WHAT THIS TASK INVOLVES:
Exactly reproduce the lines from the one holding "コンセント付きUSBハブの種類をまず分ける" through the end of the records, including both boundary lines but no pictures.

[Scraped caption text data]
[Start of Attachment]
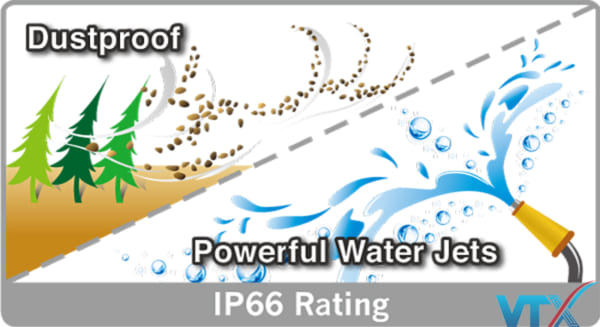 Camera IP Planet ICA-3250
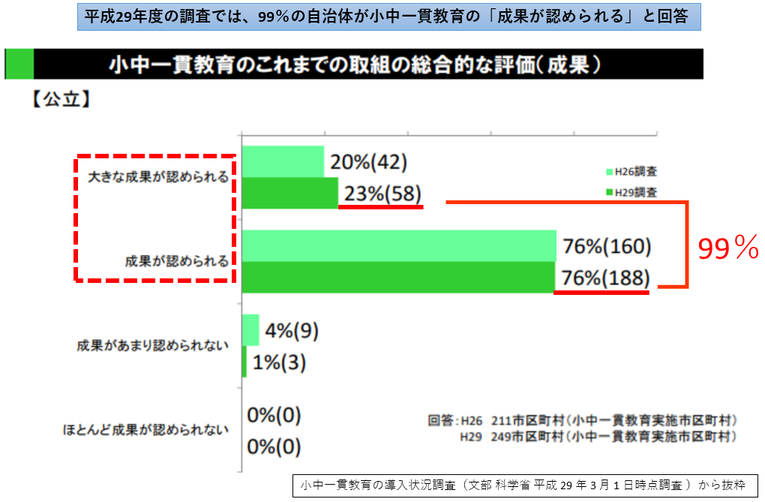 小中一貫教育のこれまでの取組の総合的な評価（成果）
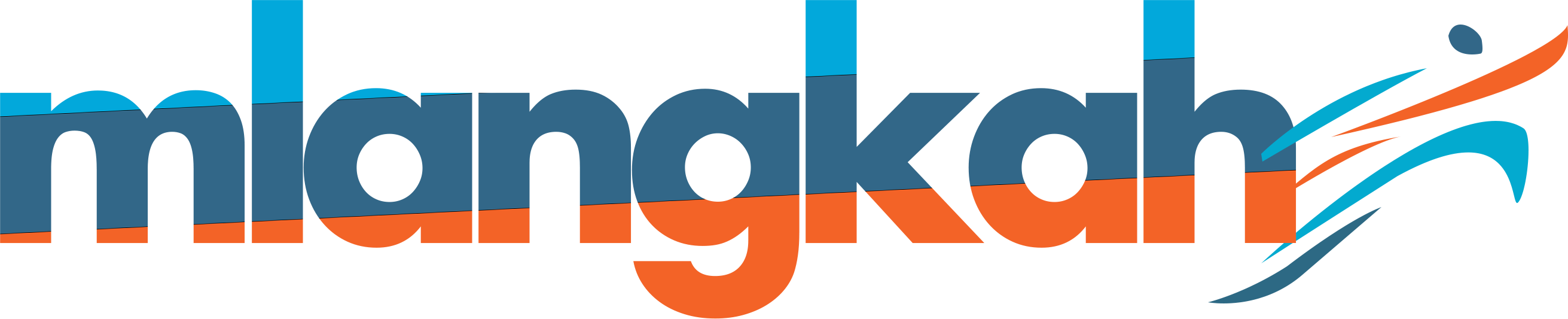 self development untuk generasi muda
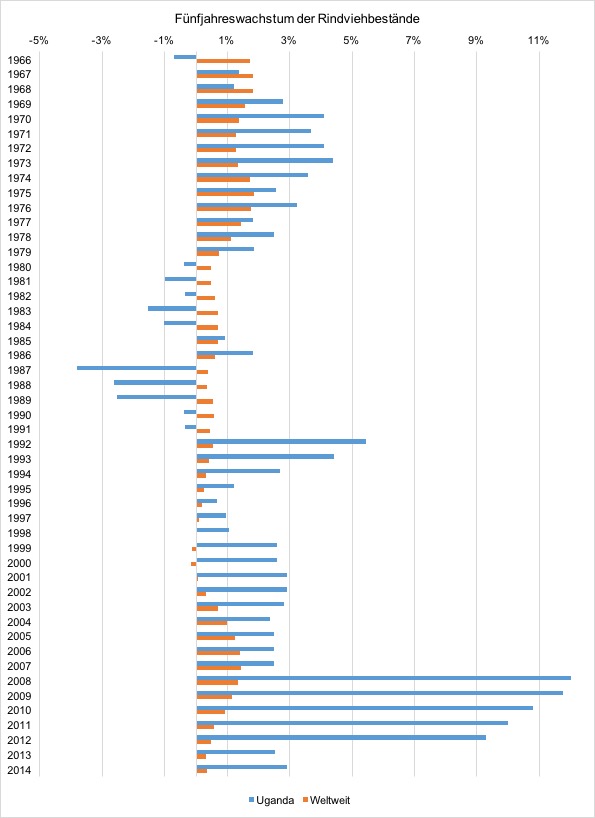 milchstatistikug-png-1
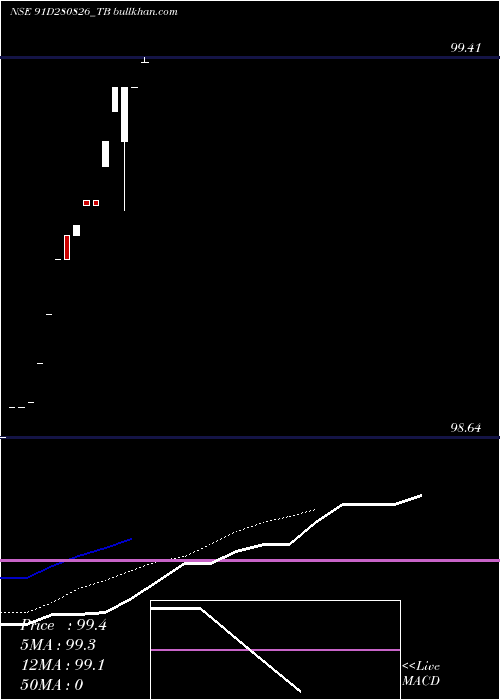  Daily chart GoiTbill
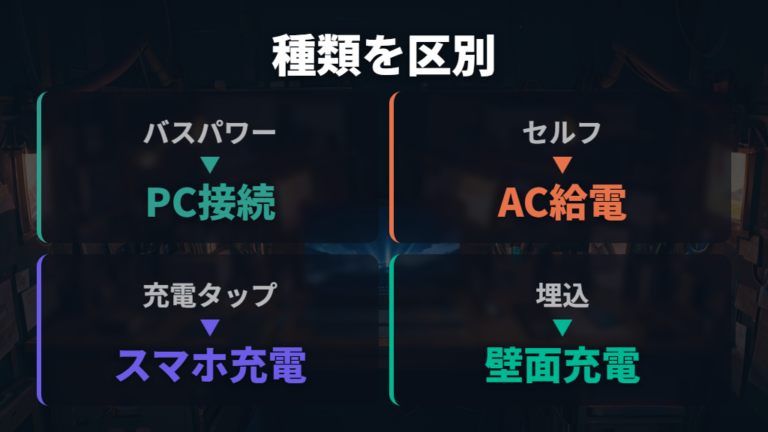 コンセント付きUSBハブの種類をまず分ける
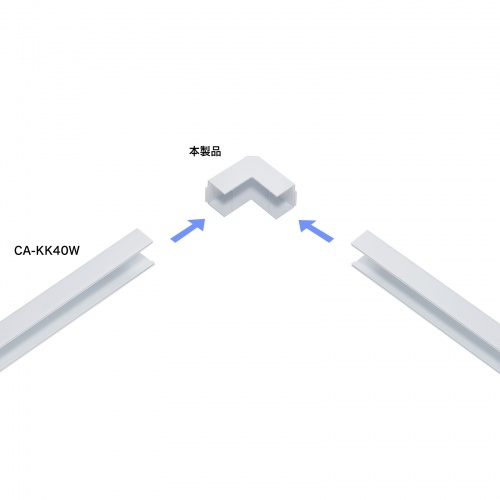 ケーブルカバー（壁用・床用・配線カバー・配線隠し・配線ダクト・内外L型・CA-KK40W用）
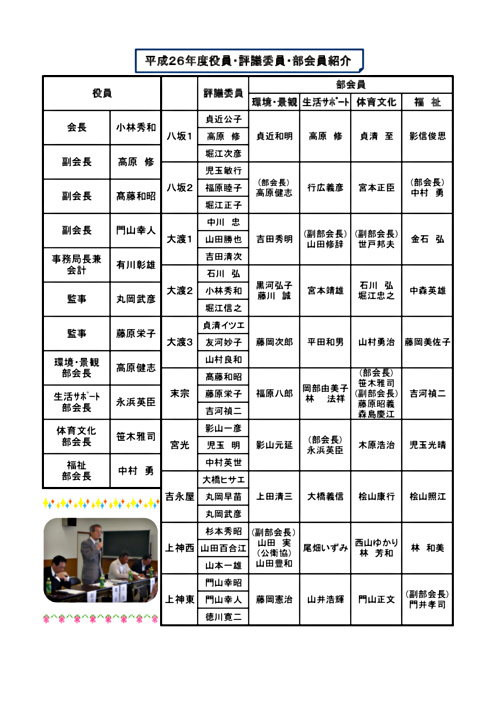 画像: ２６年度自治協名簿.pdf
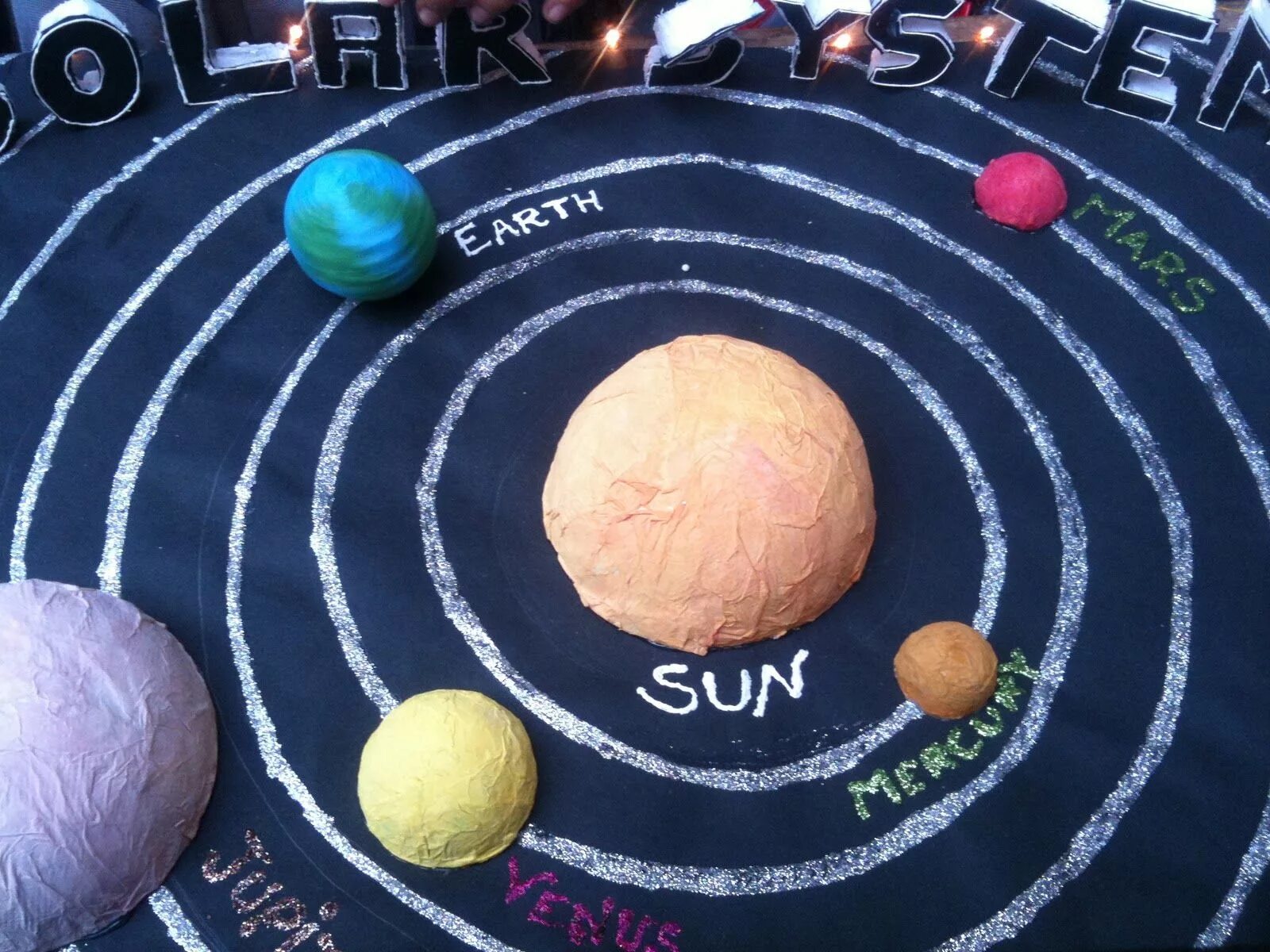 Макет солнечной системы. Поделка Солнечная система. Модель солнечной системы. Модель солнца. Планеты самодельные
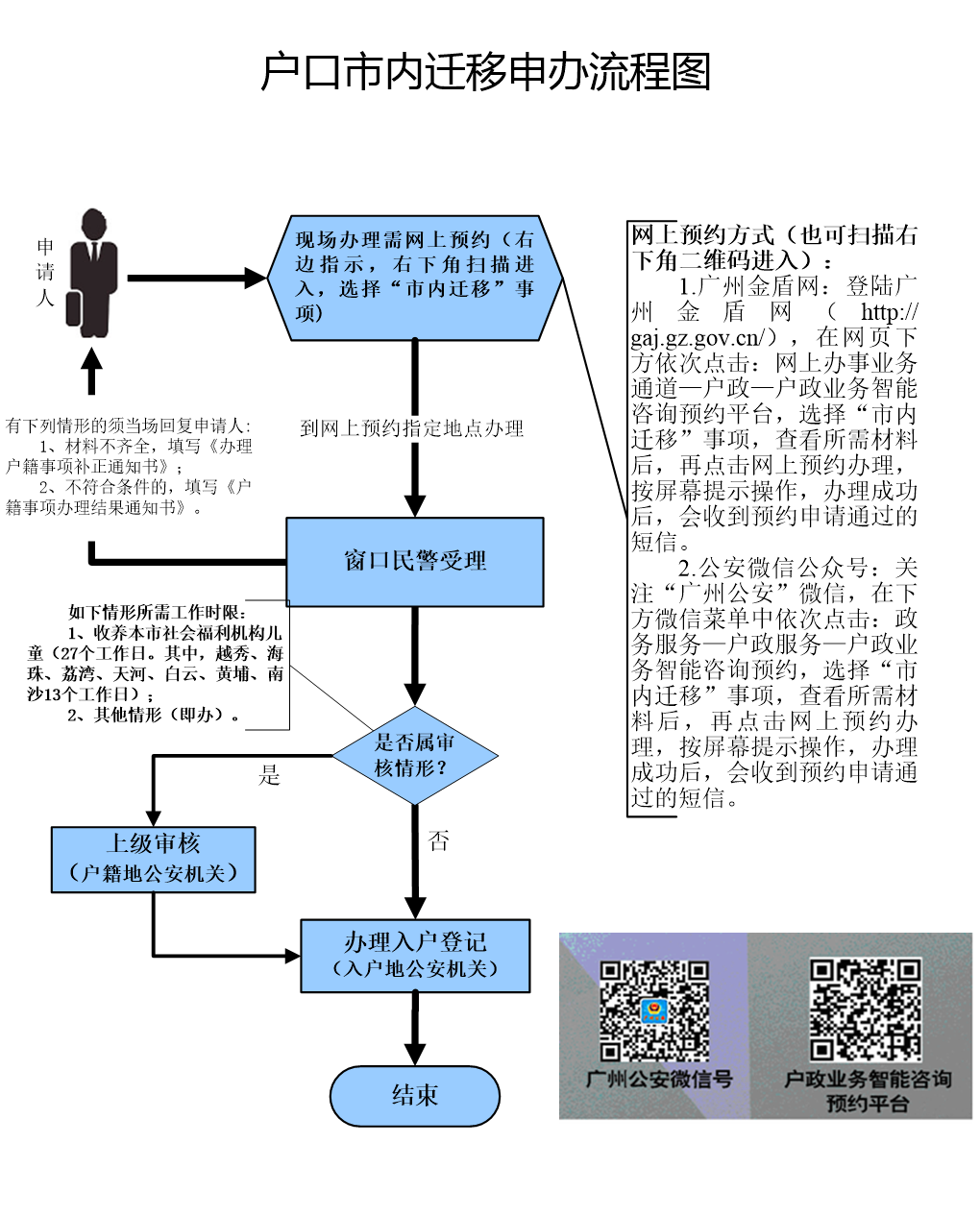 户口市内迁移申办流程图.png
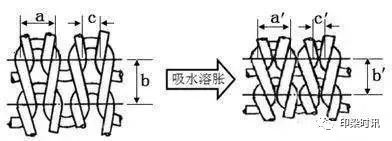 無錫養(yǎng)老院,無錫敬老院,無錫護理院,經(jīng)開區(qū)養(yǎng)老院,無錫康復(fù)醫(yī)院,術(shù)后康復(fù),癱瘓護理,阿爾茲海默癥,無錫養(yǎng)老院哪家好,無錫養(yǎng)老哪里好,無錫養(yǎng)老院前十排名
[End of Attachment]
TASK OUTPUT:
 コンセント付きUSBハブの種類をまず分ける
 ケーブルカバー（壁用・床用・配線カバー・配線隠し・配線ダクト・内外L型・CA-KK40W用）
 画像: ２６年度自治協名簿.pdf
 Макет солнечной системы. Поделка Солнечная система. Модель солнечной системы. Модель солнца. Планеты самодельные
 户口市内迁移申办流程图.png
 無錫養(yǎng)老院,無錫敬老院,無錫護理院,經(jīng)開區(qū)養(yǎng)老院,無錫康復(fù)醫(yī)院,術(shù)后康復(fù),癱瘓護理,阿爾茲海默癥,無錫養(yǎng)老院哪家好,無錫養(yǎng)老哪里好,無錫養(yǎng)老院前十排名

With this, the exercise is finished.